Light-Emitting Diode (LED) light bulbs are displayed for sale at the Home Depot Inc. store in Emeryville, California, U.S., on Tuesday, June 28, 2011. (David Paul Morris/BLOOMBERG)

The BULB Act, which narrowly missed being passed by House Republicans, would have rolled back the energy efficiency standards for light bulbs passed by President Bush and the GOP in 2007. Americans would no longer have been required to use energy-efficient bulbs and could still use the old incandescent bulbs. While new energy-efficient bulbs are typically more expensive up-front, over the long-term, they are tremendous cost savers, to the tune of $12.5 billion (PDF) over 9 years, according to the conservation advocacy group Natural Resources Defense Council (NRDC). Hinting at the win-win nature of new, energy-saving bulbs (cheaper for consumers and good for the environment at the same time), Department of Energy Secretary Steven Chu said, "We are taking away a choice that continues to let people waste their own money."

The Battle of the Bulb is strangely reminiscent of the other debates we have seen over green technologies and energy sustainability. Think back to the 2006 documentary film “Who Killed the Electric Car?,” which outlined reasons why the debates over electric cars should be considered ludicrous. At a time when the price of gas was sky-high and people (as well as the environment) were, ahem, warming to the idea of sleek, energy-efficient vehicles, the concept of the electric vehicle never took hold. The film ends with the conclusion that no single person or entity killed the electric car, because we all did — consumers, bureaucrats, auto companies, politicians and pundits.

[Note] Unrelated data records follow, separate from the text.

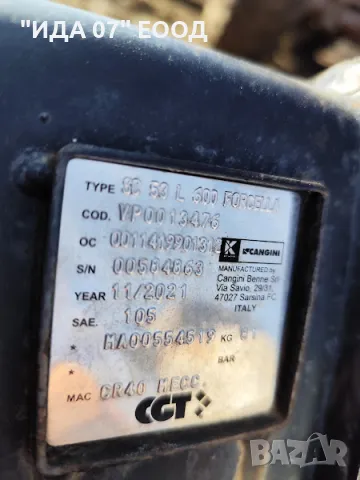 Кофа за багер , снимка 6 - Индустриална техника - 19506585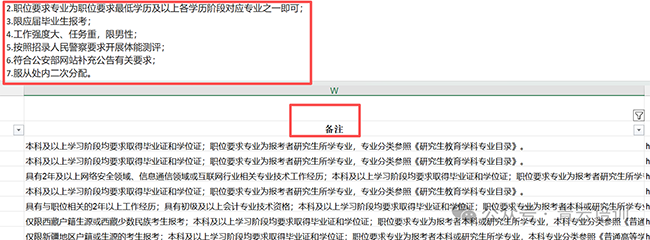 微信图片_20251021111341.png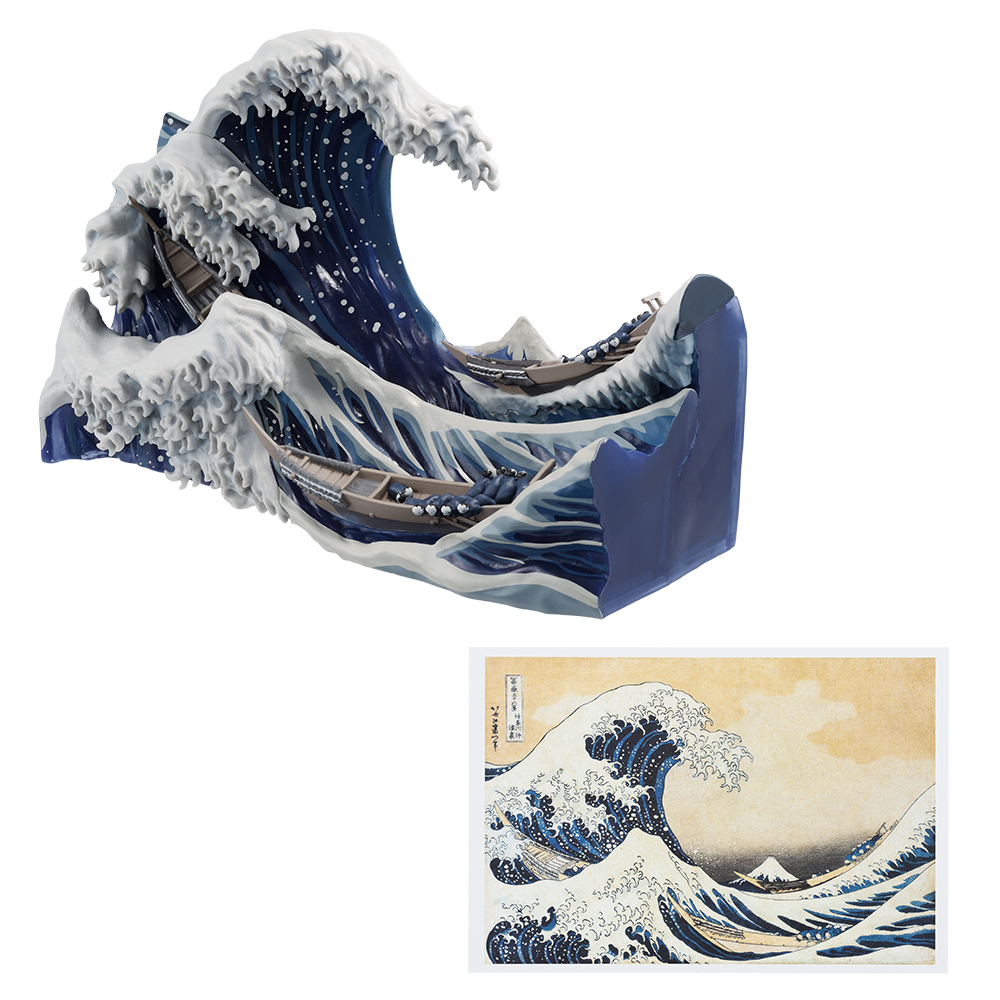 ラストワン賞
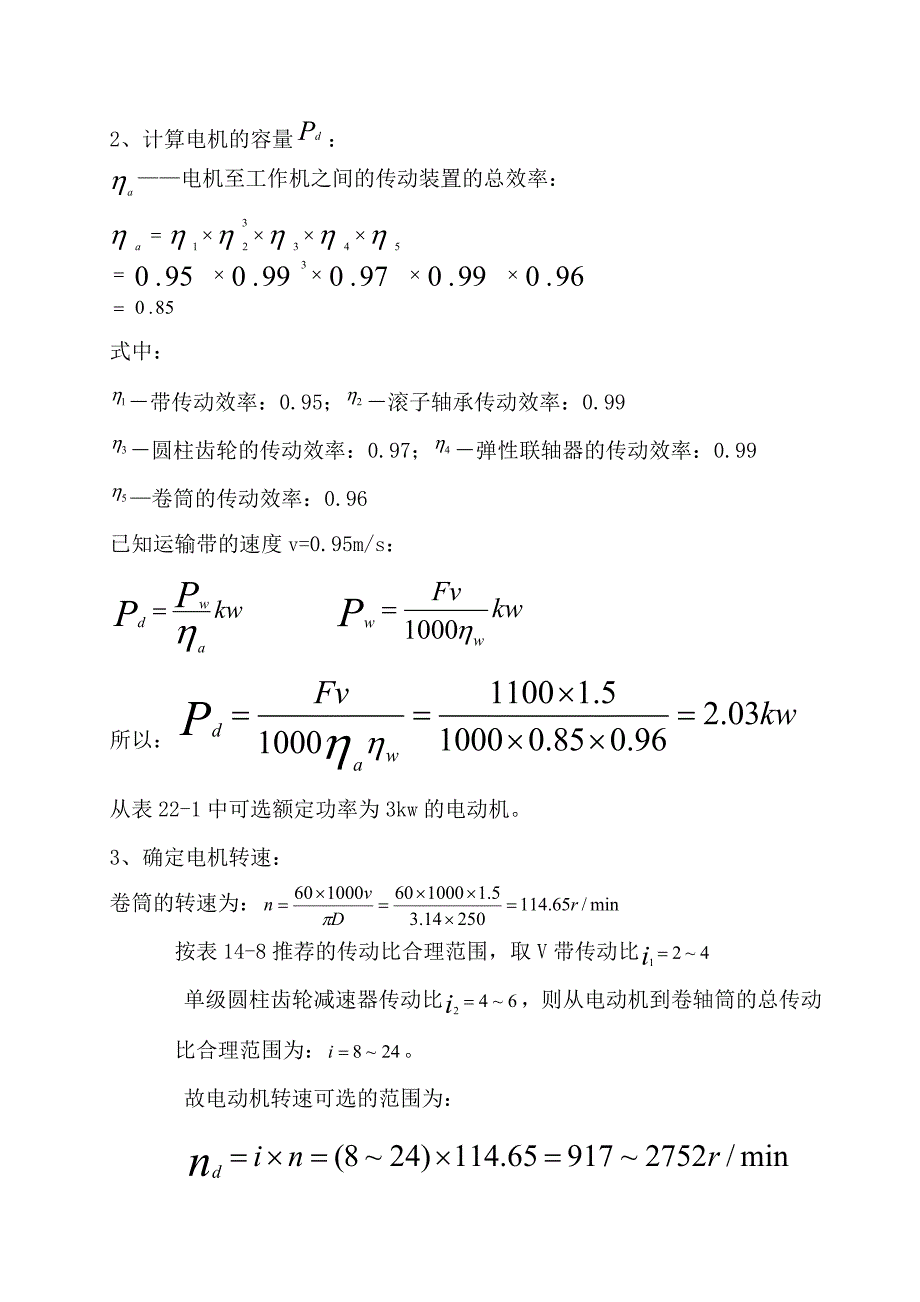 单级斜齿圆柱齿轮减速器课程设计.doc_第3页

If we are to truly create a sustainable energy future in this country, we will need to make the hard choices. What's concerning is that our global competitors are making this look easy. Take the example of Helsinki, which was recently showcased by Monocle magazine as he Most Liveable City in the World. The city has also set a goal of becoming one of the first cities to become completely carbon-neutral by the year 2050. In America, where we squabble over light bulbs, is it even within the realm of possibility — especially given today's contentious environment in Washington — to be talking about such ambitious green technology goals?